• **What to produce**: Go through the listing below and write out exactly the lines from the one that mentions "Photo 2 of 2PC LOT" through the one that mentions "CRAFT IT REINDEER MASK KITS", minus the pictures.

• **Available data**:
---
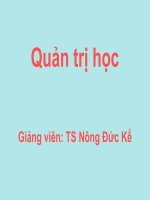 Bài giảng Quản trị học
---
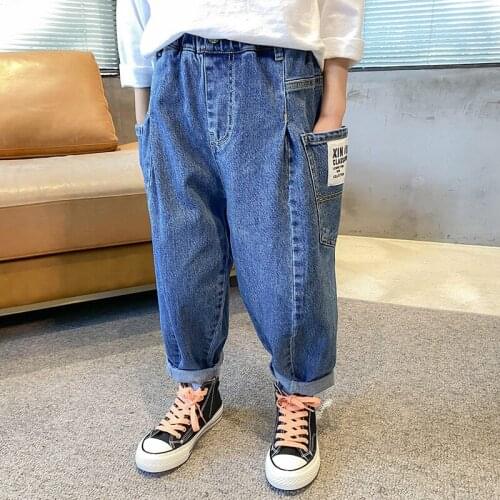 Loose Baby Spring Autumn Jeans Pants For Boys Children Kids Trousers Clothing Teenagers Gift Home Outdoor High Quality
---
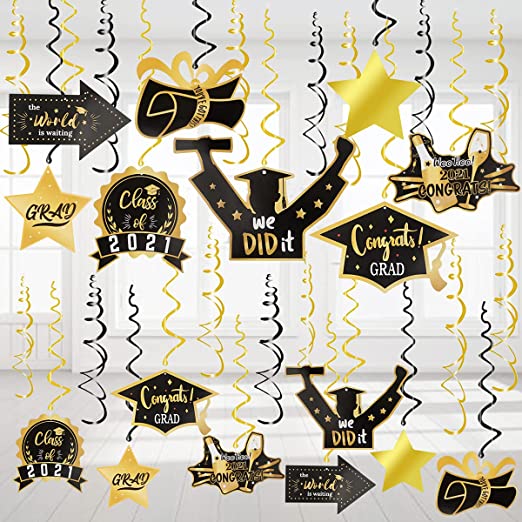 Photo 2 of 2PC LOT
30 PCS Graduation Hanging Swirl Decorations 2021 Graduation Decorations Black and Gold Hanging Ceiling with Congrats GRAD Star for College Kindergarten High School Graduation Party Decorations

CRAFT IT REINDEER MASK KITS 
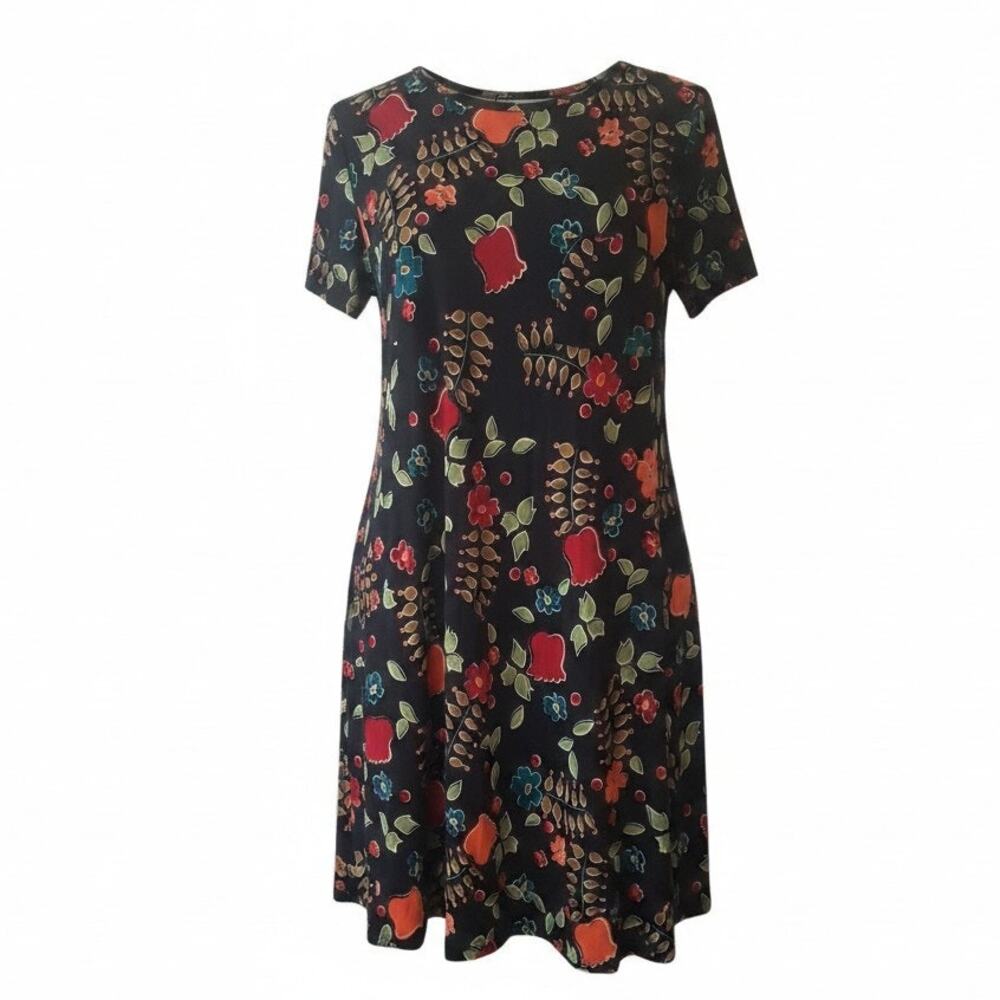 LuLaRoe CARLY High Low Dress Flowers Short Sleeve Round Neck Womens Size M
---
• **Your solution**:
 Photo 2 of 2PC LOT
30 PCS Graduation Hanging Swirl Decorations 2021 Graduation Decorations Black and Gold Hanging Ceiling with Congrats GRAD Star for College Kindergarten High School Graduation Party Decorations

CRAFT IT REINDEER MASK KITS 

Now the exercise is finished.